O método para isolar os fagos no IQ-USP é o mesmo usado em aplicações médicas no leste da Europa. Desde 1923, o Instituto Eliava, em Tbilisi, Geórgia, usa agentes virais contra qualquer infecção bacteriana, inclusive aquelas que nenhum outro tratamento conseguiu eliminar (ver infográfico). Uma revisão publicada em 2001 na Antimicrobial Agents and Chemotherapy, por pesquisadores do Eliava e da Universidade de Maryland, nos Estados Unidos, compara o sucesso de tratamento por antibióticos (64%) e fagos (82%), e afirma que o tratamento viral é ainda mais eficaz (95%) quando aplicado por via intravenosa. Por isso, são procurados por pacientes do mundo todo. A história conta que a descoberta da possibilidade de usar vírus como tratamento foi concomitante à de antibióticos. Como a ação destes é mais abrangente, e por isso mais afeita à produção industrial, a estratégia ganhou precedência mundial – exceto no antigo bloco soviético, onde o isolamento imposto pela cortina de ferro exigia soluções criativas e independentes do Ocidente.

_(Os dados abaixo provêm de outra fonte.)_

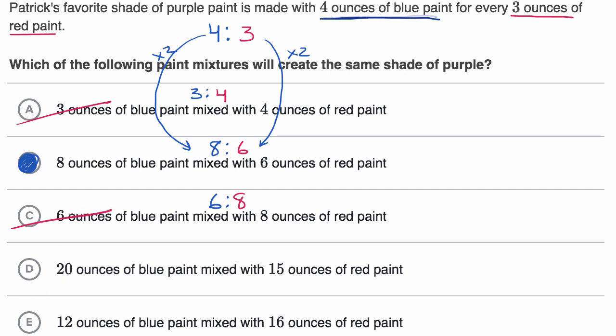The fourth option is 20 ounces of blue paint for every 15 ounces of red paint. Are these equivalent? To go from four to 20, you multiply by five, and to go from three to 15, you also multiply by five. Since we multiply by the same factor, four to three and 20 to 15 are equivalent ratios. The fifth option is 12 ounces of blue paint mixed with 16 ounces of red paint — a ratio of 12 to 16. To go from four to 12 you multiply by three, but three times three is nine, not 16, so this is definitely not an equivalent ratio.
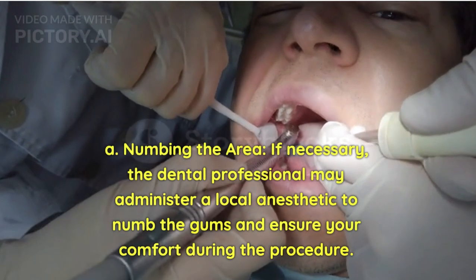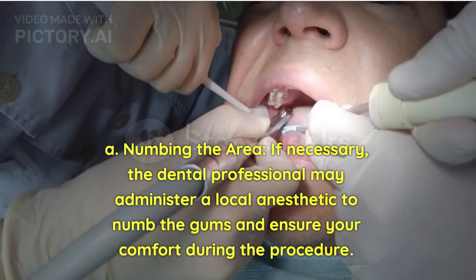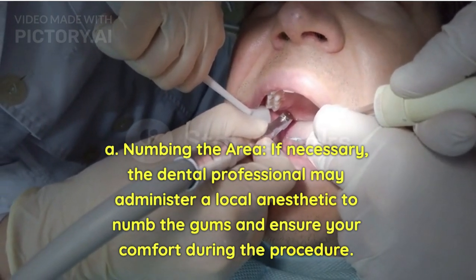Numbing the area: If necessary, the dental professional may administer a local anesthetic to numb the gums and ensure your comfort during the procedure.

Ao longo das décadas de uso de antibióticos, a evolução tratou de selecionar bactérias resistentes e deu origem a linhagens responsáveis por graves casos de infecções hospitalares. No final de abril noticiou-se o caso do psiquiatra norte-americano Tom Patterson, da Faculdade de Medicina da Universidade da Califórnia em San Diego, que no início de 2016 entrou em coma por causa de uma infecção que não respondia aos antibióticos. Sua mulher, Steffanie Strathdee, e o médico Robert Schooley, ambos professores na mesma faculdade, apelaram para um último recurso e conseguiram autorização para tentar a terapia por fagos. “Amostras do paciente foram enviadas a dois grupos de pesquisa que selecionaram os fagos”, conta Schooley, que defende que os fagos sejam amplamente reconhecidos como parte do arsenal contra infecções bacterianas. “Empresas de vários países estão começando a trabalhar no desenvolvimento desse tipo de terapia”, afirma.
Patterson saiu do coma e seu caso, em análise para publicação em periódico científico, foi apresentado no último dia 27 de abril no Instituto Pasteur em Paris, durante o evento comemorativo do centenário da pesquisa com bacteriófagos. A data comemora a descoberta dos fagos pelo microbiologista franco-canadense Felix d’Herelle (1873-1949), do Pasteur, na mesma época em que o britânico Frederick Twort (1877-1950), e por isso foi batizada como Dia da Terapia com Fagos Humanos. D’Herelle, aliás, participou da fundação do Instituto Eliava, mas não voltou a Tbilisi depois que o bacteriologista George Eliava (1892-1937) foi executado pelo regime stalinista.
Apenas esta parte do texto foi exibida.